Later in the day, we drove down to the Ward Pound Ridge Reservation in Cross River to attend the opening of the Belle Manes art show at the Gallery in the Park. The big attraction for us, aside from Ms. Manes' art, was that Kent's own Beth Herr, an accomplished artist herself, was the curator for the show. Food, solo R&B and Jazz and the wonderful artworks on display, followed by a long walk up an old farm road and through an outdoor sculpture garden was a fine way to spend the day. Belle's show will run through December 31st and is worth the 30 minute drive downstate. Take 684 South to Route 35 towards Cross River. Turn right at 121 then immediately left into the Park.
Now the Weird News:
Tom Golisano and his $5 Million is backing Greg Ball for re-election in the 99th Assembly District. He's also backing Sandy Galef. The Money Lord giveth with one hand and smacketh itself upside the head with the other.
The NYJN finally picked up on the story about Patterson's objection to the Ryder Farm PDR project and adds that the City of New York, too, now objects. The city claims the $325,000 county contribution should be spent on stormwater related issues yet what could be more stormwater related than the protection of a half-mile long stretch of one of the basin's most polluted lakes?
Next we find that you're about to dig really deep into your pockets and your children's pockets and their children's pockets so that Wall Street CEO's can keep earning their $17,000 an hour paychecks.
They're going to dig out some $700,000,000,000 worth of your money to keep Wall Streeters fat and happy and the lobbyists are having a field day.
The Fed bailed out both Fannie and Freddie and then kicked in another $85 Billion for AIG. While all that is going on, tens of thousands of homeowners were facing foreclosure and eviction and there's no federal bailout money for them. No guaranteed loans. No money from Communist China to buy the T-Bills. But wait, it gets better! US Automakers want $25 billion in corporate welfare and are hard at work getting the government to loosen controls so they can come and ask for more. And you know what? You're going to give it to them because you're powerless to stop it.

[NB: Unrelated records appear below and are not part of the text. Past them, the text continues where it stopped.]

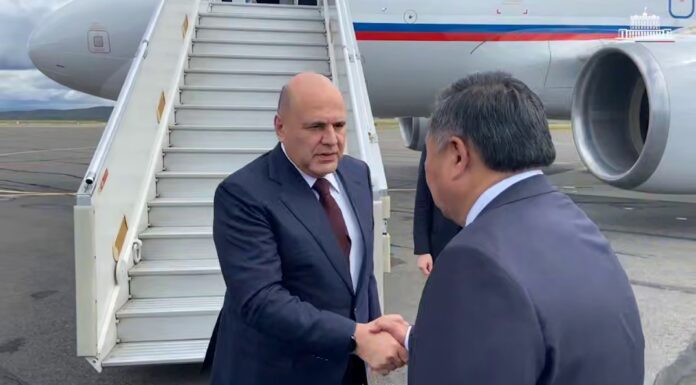 Мишустин отметил серьезный промышленный потенциал Тувы Михаил Мишустин и Владислав Ховалыг. Кадр съемки пресс-службы правительства РФ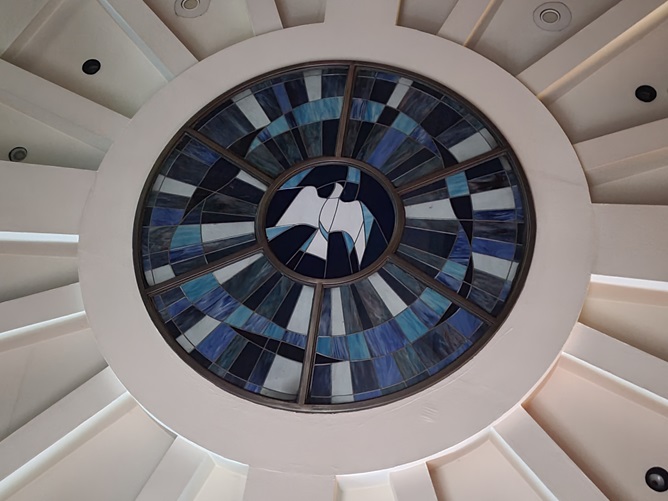 광명 철산성당 천장 비둘기 성령 모양의 유리화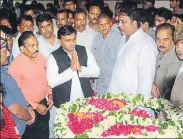  ?? RAJU TOMAR/ HT ?? SP chief Akhilesh Yadav paying tribute to the poet in Agra.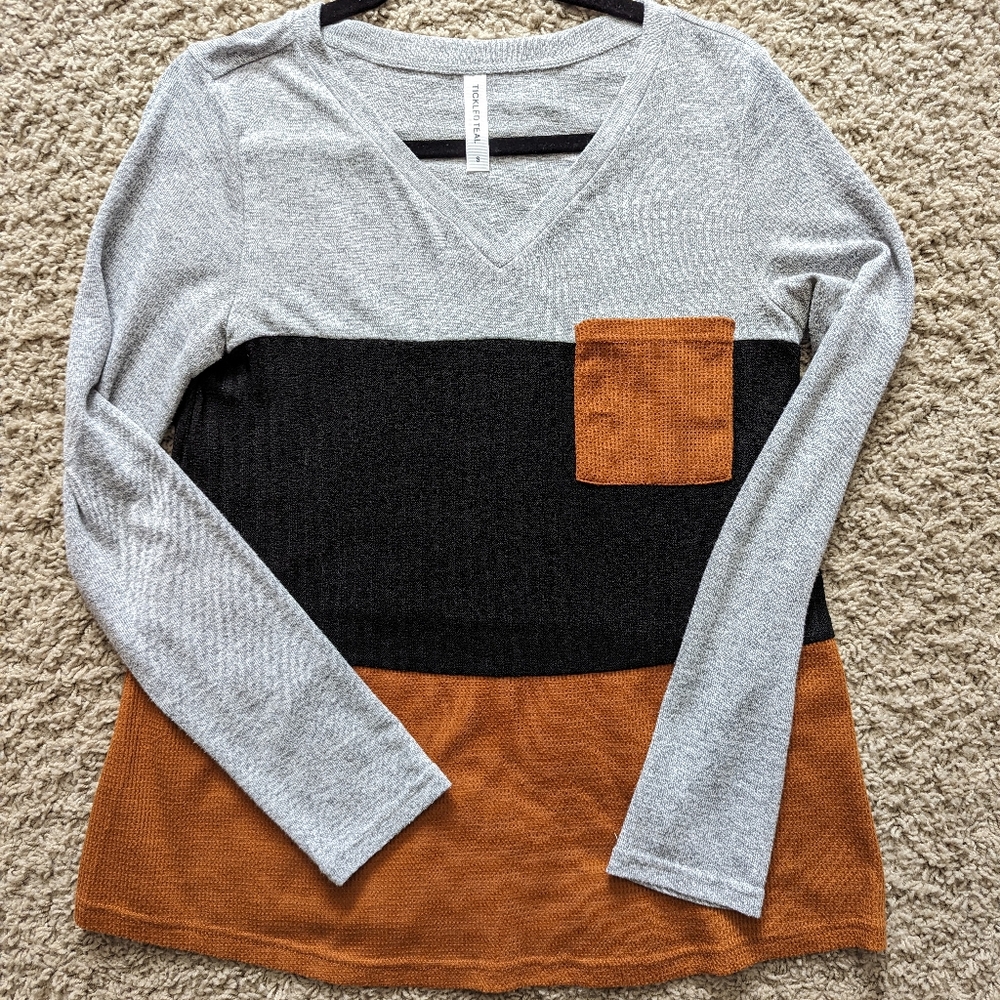 Color block henley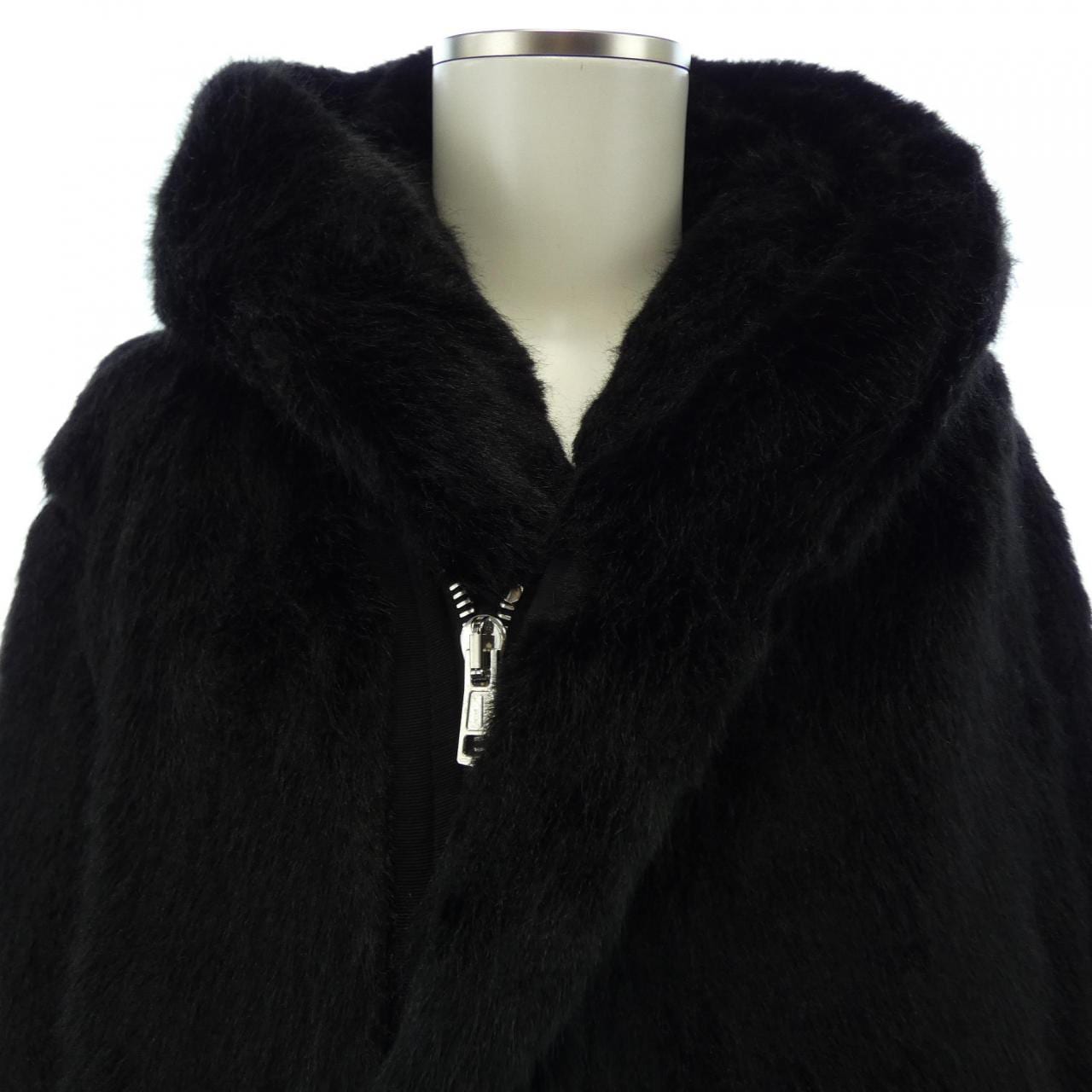 ウノピュウノウグァーレトレ 1 piu 1 uguale 3 コート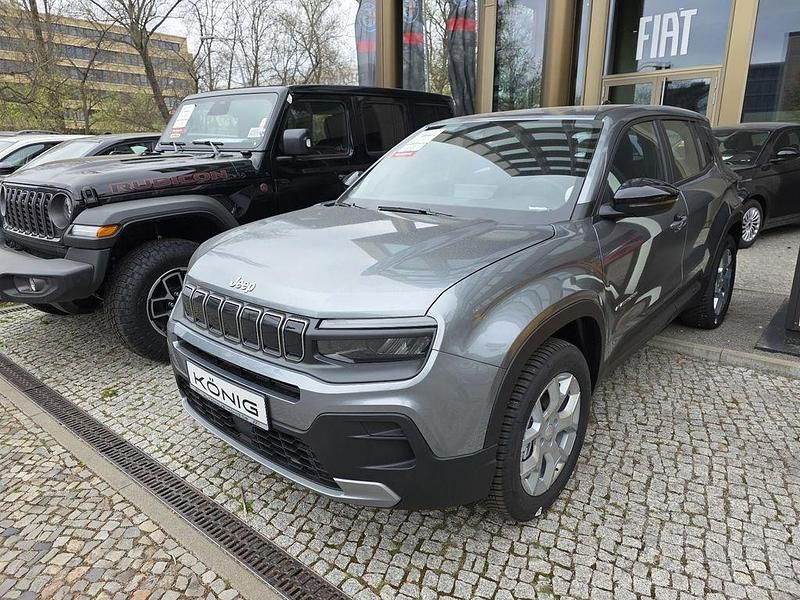 Neu Jeep Avenger Altitude 101 PS (74 kW) 2025 Grau SUV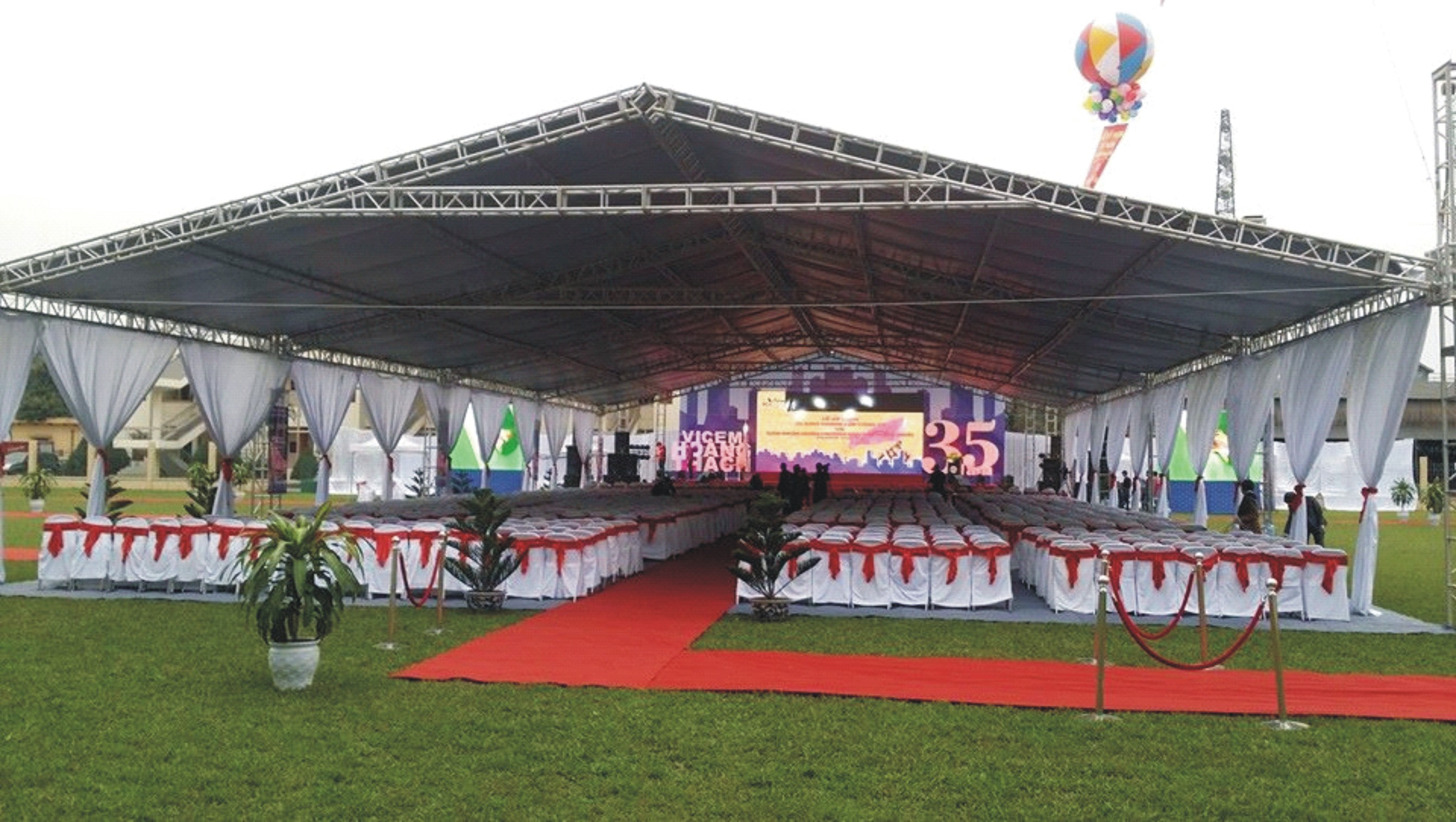 Nhà giàn không gian hợp kim nhôm cho thuê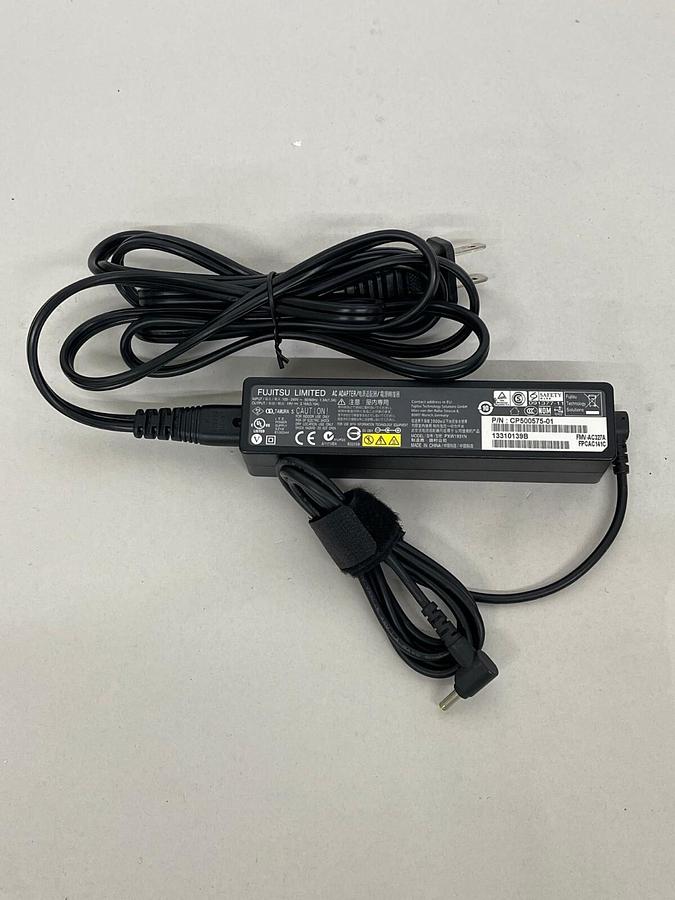 Used Fujitsu PXW1931N Power Adapter 19V 3.16A 60Wh
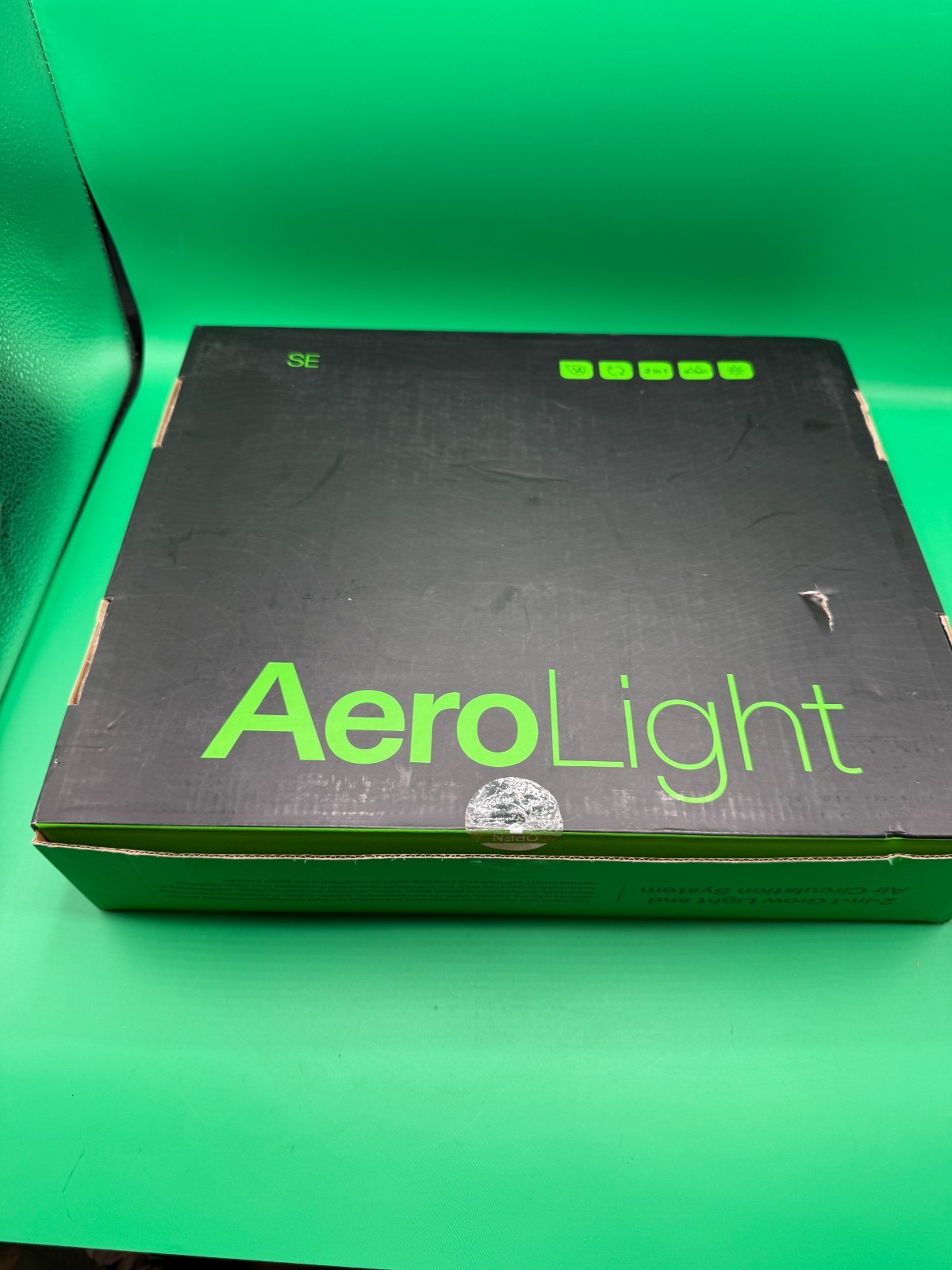 VIVOSUN AeroLight A100SE 100W LED Grow Light w/ Fan - App Compatible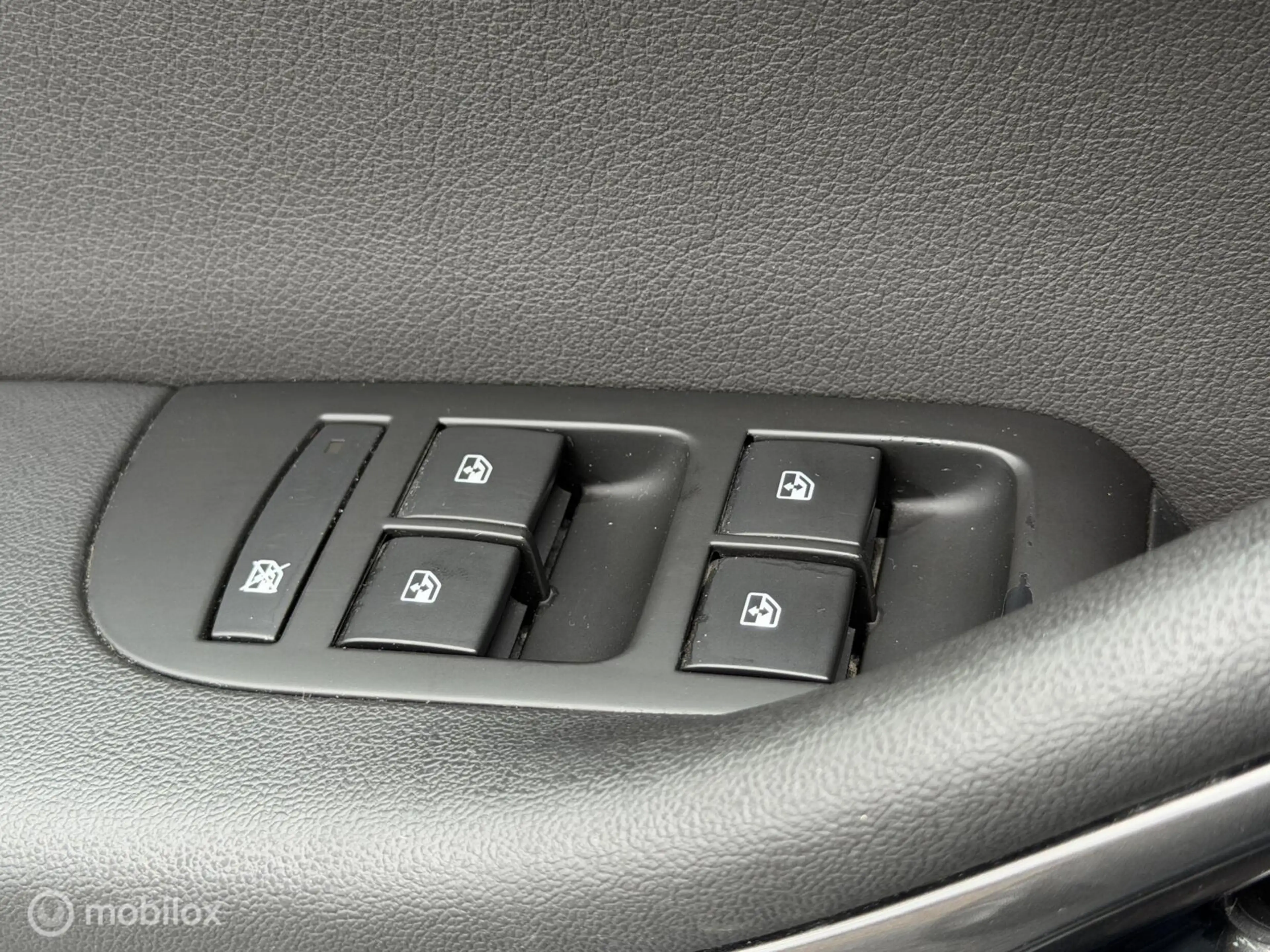 Opel Zafira 1.4 Turbo Innovation 7p. AUT Clima Cruise Navi Tre — photo 9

And now, what's left of it, the News:
The current financial crisis facing our country has been caused by the extreme right-wing economic policies pursued by the Bush administration. These policies, which include huge tax breaks for the rich, unfettered free trade and the wholesale deregulation of commerce, have resulted in a massive redistribution of wealth from the middle class to the very wealthy.
The middle class has really been under assault. Since President Bush has been in office, nearly 6 million Americans have slipped into poverty, median family income for working Americans has declined by more than $2,000, more than 7 million Americans have lost their health insurance, over 4 million have lost their pensions, foreclosures are at an all time high, total consumer debt has more than doubled, and we have a national debt of over $9.7 trillion dollars.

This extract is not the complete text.